I’m sure this is a story that resonates with any parent who feels that tug between work and family time.
I’m lucky that I’m able to stay at home and write. But I do have a lot to accomplish—both writing and promo. My goal each day is to finish everything on the computer by 2:00 (which is when my younger child gets off the school bus.) Sometimes I can accomplish this goal…sometimes not.
Over the years, I’ve developed strategies that I hope work for both the children and me:
I’ve noticed that sometimes the laptop creates a wall between me and the children. Sometimes I’ll be working in the same room with kids…they’re doing homework, I’m writing. If I sense that they might want to talk about their day or open up to me about something during their homework time, I’ll write on paper. Otherwise, the laptop seems to stop them in their tracks.

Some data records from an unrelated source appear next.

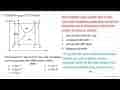 Perhatikan diagram PT berikut! Dari diagram PT fase H_(2) O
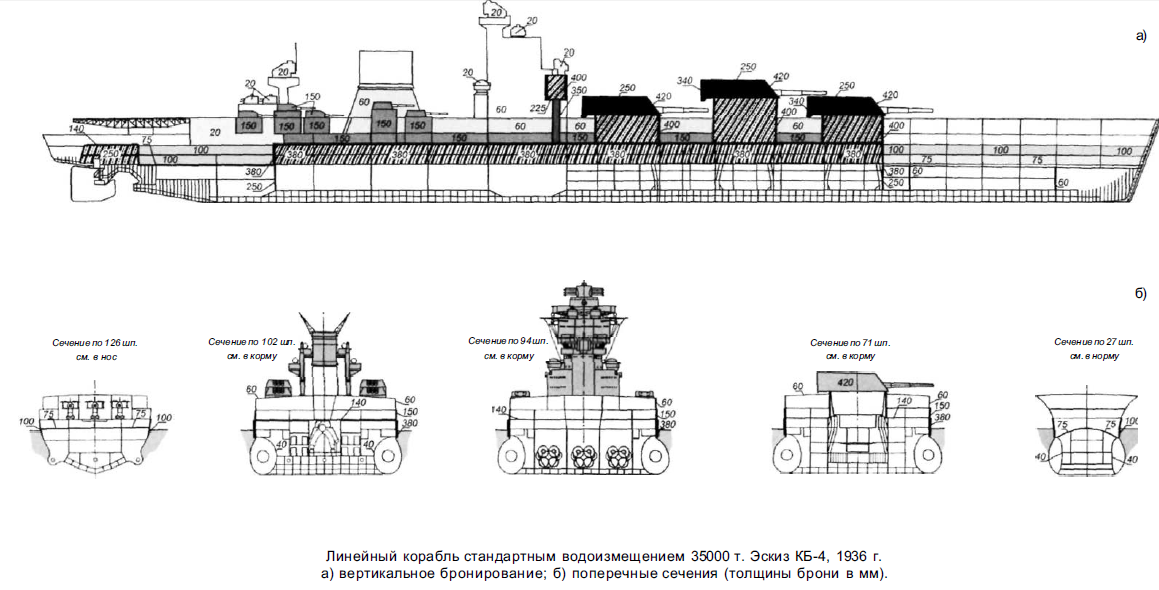 Проект 21. Схема бронирования линкоров второй мировой. Линкор Ришелье схема бронирования. Схема бронирования линкора проект 24. Карманные линкоры схема бронирования.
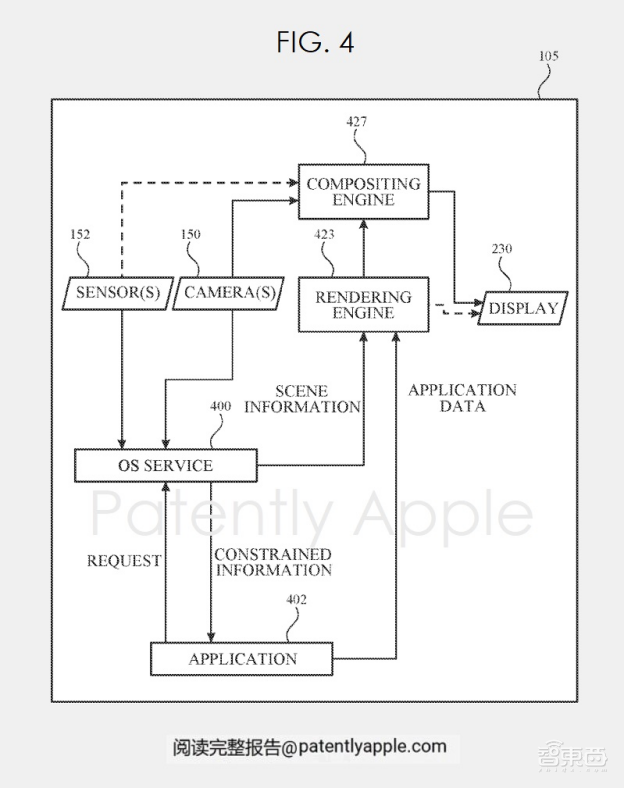 苹果公开的秘密！万字解密Vision Pro 17项专利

I try to share with them what I’m doing. I spend so much time on the laptop that I realized they must wonder what it was that I was so busy doing. I talk to them about my books, about promo, about blogging, etc. I try to involve them a little in the process by asking their opinions about different things—do they like a character’s name? What do they think about the book’s setting?
When the children are talking to me, I don’t look at the laptop. It makes it look like I think my writing is more important than they are…and I definitely don’t want to give that impression.

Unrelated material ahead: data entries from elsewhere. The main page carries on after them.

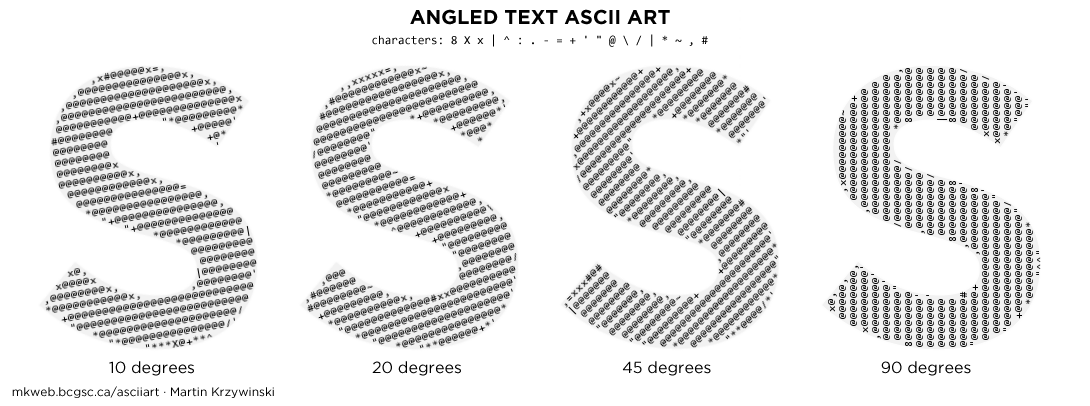 Martin Krzywinski - Data Visualization, Design, Science and Art ...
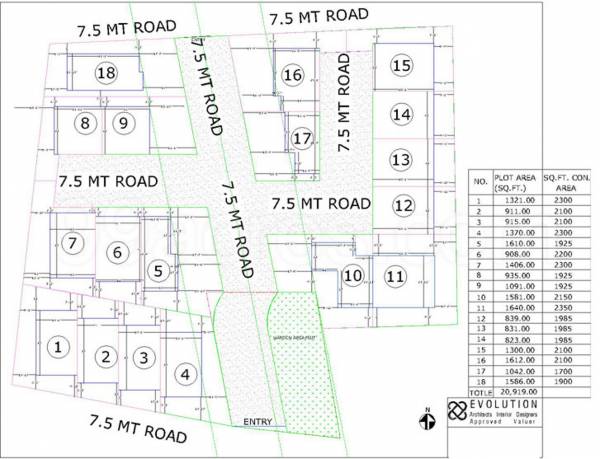 Images for Layout Plan of Shreeji Shreeji Villas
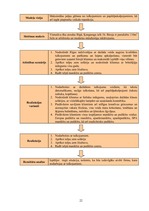 Biznesa plāns 'SIA "TulksTev" biznesa plāns', 22.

When I’m talking with them, I try not to think about anything other than our conversation. (And this is a tough one, because I’m easily distracted.) I do this by asking intelligent follow-up questions for what they’re telling me…instead of going “mmm.”
Still, I need to get work done. Instead of writing in the same room as the children (when I really need to write), and possibly getting irritated with interruptions—I just go write behind a closed door. I preface the writing session by telling the kids, “I’ve got to get some work done. I’m going to write for 25 minutes, then I can play cards/talk/read a book with you.” Then they know I haven’t just disappeared for hours (honestly, I can’t write for hours anyway.) When they were younger, I set a timer outside my door so they could see how much longer I was going to be unavailable.
Although this post is on juggling parenting and writing, it also applies to writing around other family members, too. (Well, to some degree. I can only imagine the look on my husband’s face, if I put a timer outside the door and told him to be quiet for 25 minutes!) How do you set parameters for your writing—respecting your writing time, but also respecting your family time and obligations?